*Task directions*. Below are some records; quote exactly the lines from the one that contains "July 30, 1910." through the one that contains "Автомобиль Mercedes-Benz AMG GT", inclusive, and no others.

*The input*.
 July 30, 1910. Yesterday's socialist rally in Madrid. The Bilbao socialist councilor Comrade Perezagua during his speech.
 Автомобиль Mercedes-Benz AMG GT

...

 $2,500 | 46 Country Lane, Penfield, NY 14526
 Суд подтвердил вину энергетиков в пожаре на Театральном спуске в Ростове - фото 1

*Task answer*.
 July 30, 1910. Yesterday's socialist rally in Madrid. The Bilbao socialist councilor Comrade Perezagua during his speech.
 Автомобиль Mercedes-Benz AMG GT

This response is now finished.